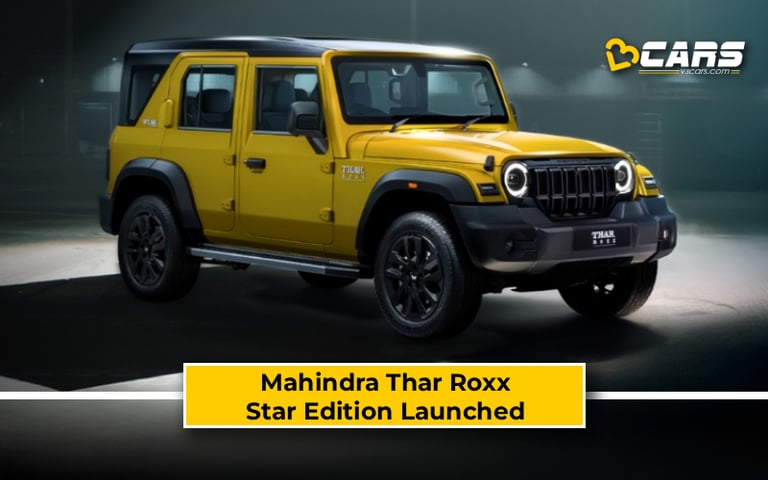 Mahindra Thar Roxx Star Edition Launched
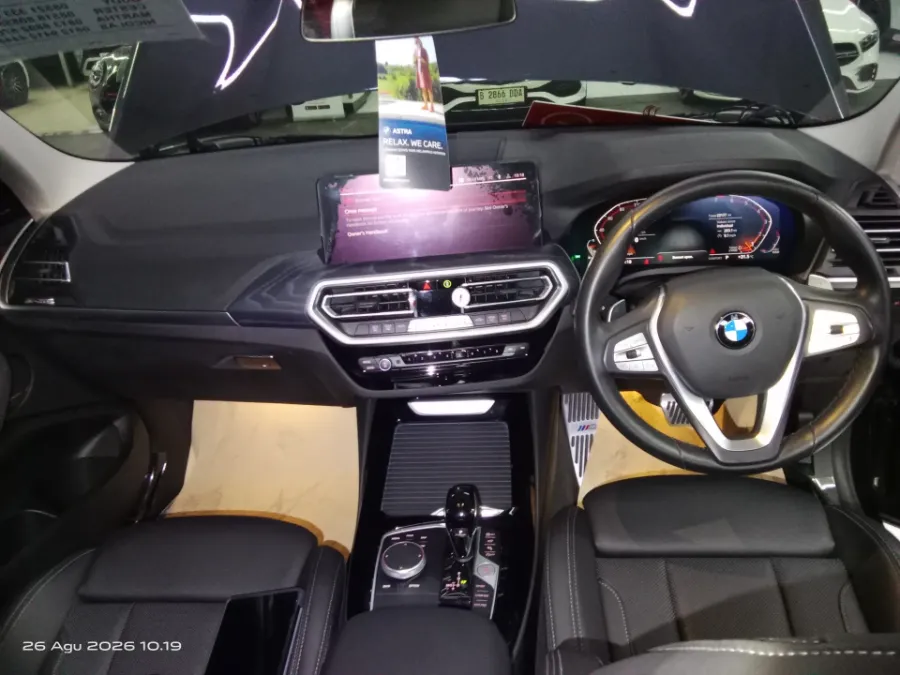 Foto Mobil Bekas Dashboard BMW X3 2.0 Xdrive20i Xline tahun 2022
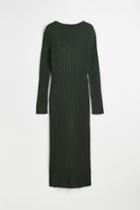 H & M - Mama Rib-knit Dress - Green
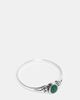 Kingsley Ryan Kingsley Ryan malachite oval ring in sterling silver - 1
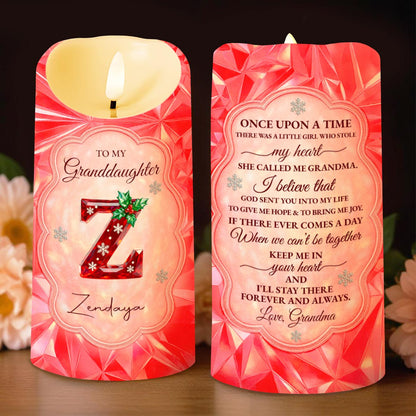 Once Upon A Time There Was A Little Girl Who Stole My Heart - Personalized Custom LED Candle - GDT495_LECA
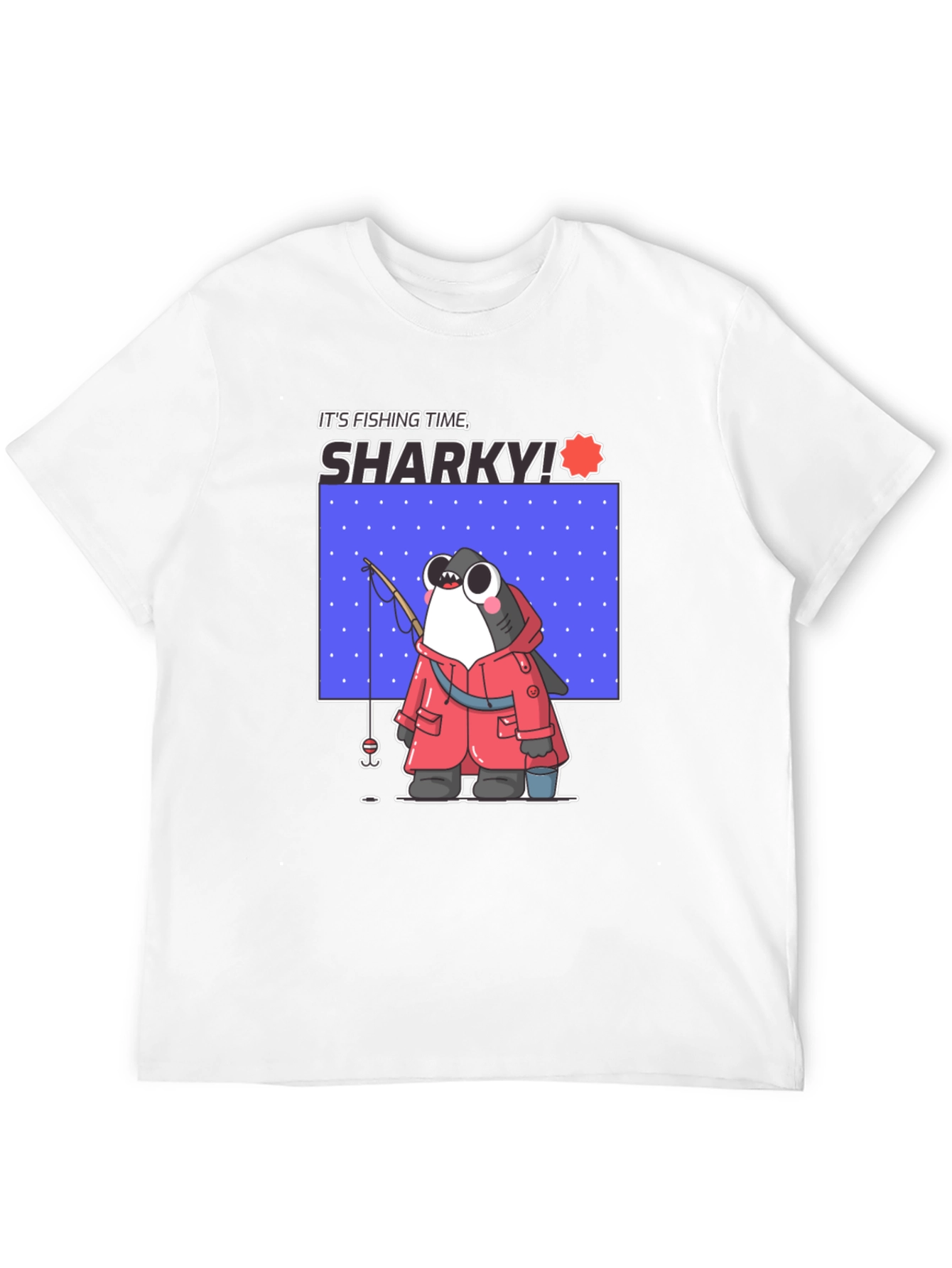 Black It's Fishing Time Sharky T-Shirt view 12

--------

→ EXERCISE OBJECTIVE: Print the data once more without any change, skipping each picture.

→ YOUR SOLUTION:
 Mahindra Thar Roxx Star Edition Launched
 Foto Mobil Bekas Dashboard BMW X3 2.0 Xdrive20i Xline tahun 2022
 H & M - Mama Rib-knit Dress - Green
 Kingsley Ryan Kingsley Ryan malachite oval ring in sterling silver - 1
 Once Upon A Time There Was A Little Girl Who Stole My Heart - Personalized Custom LED Candle - GDT495_LECA
 Black It's Fishing Time Sharky T-Shirt view 12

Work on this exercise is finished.